Monteiro Lobato dizia que um país se faz com homens e livros. Tudo o que possa prejudicar o acesso do cidadão ao livro deve ser rechaçado.
Em nota de repúdio, a OAB Nacional já se posicionou com indignação à proposta de reforma tributária que poderá onerar em 12% os livros no país e inviabilizar o trabalho de muitas editoras, autores, artistas gráficos, ilustradores, livrarias e toda a cadeia produtiva.
Aumentar o preço dos livros é trancar as portas da oportunidade, do estudo, da educação, da formação de todo um povo. É conspirar contra o desenvolvimento e aumento da competitividade do Brasil. Em última análise, é atravancar reconhecido caminho pelo qual o povo pode alcançar vida digna por meio do estudo e da educação de qualidade.
Sem contar que a literatura nas periferias é veículo de formação de identidade, daí porque o acesso à leitura jamais deve ser privilégio, mas uma prerrogativa de todos, do pobre ao rico. O cidadão de baixa renda tem o direito de escolher o que quer ler e não pode ficar sujeito às doações de livros pelo poder público, conforme orientação político-ideológica do governo de plantão, como sugestiona Guedes.
É fato: a medida pretendida prejudicará a ampliação do acesso à educação e à cultura. Quanto mais leitores e leitoras, mais desenvolvimento humano, mais economia forte. Prejudicar o acesso ao livro atrapalha a formação das pessoas, especialmente quanto à cultura (e formação) política.

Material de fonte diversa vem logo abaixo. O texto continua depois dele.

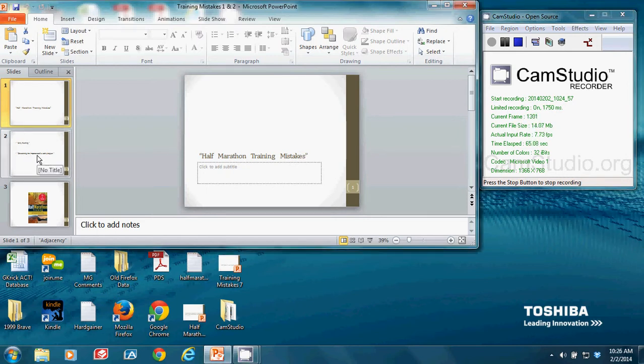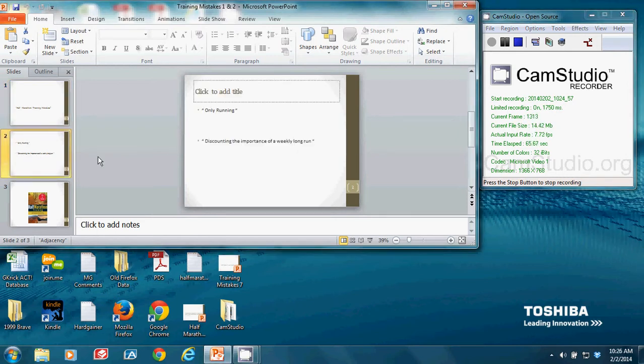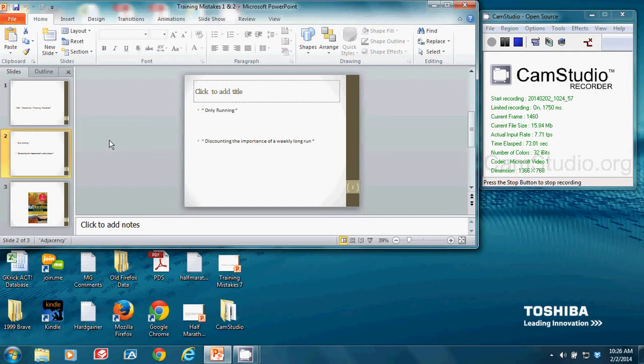Okay. Mistake number one that I see is only running. I see this all the time at runners. They run, and that's it.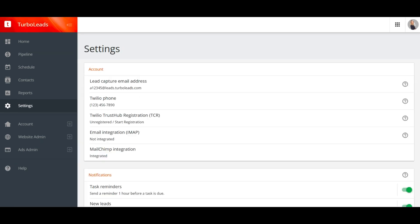The last item in the account card is the MailChimp integration, which enables TurboLeads email campaigns. Once again, we do cover this in-depth in our TurboLeads campaigns video, so I'll skip that topic for now.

No Brasil, há mais de 70 anos, desde a Constituição de 1946, o livro é isento de impostos, por conta de iniciativa de Jorge Amado.
A estratégia fiscal de Guedes naufragou, as contas estouraram, as privatizações não saíram. A reforma tributária é necessária, até aí tudo bem, ninguém questiona isso. Mas taxar o livro (como um pretenso mecanismo de maior arrecadação para o governo), num contexto econômico em que diversas livrarias estão em recuperação judicial e o poder público não nutre os quatro cantos do país com livros para quem precisa, não passa de bibliografia de mau gosto.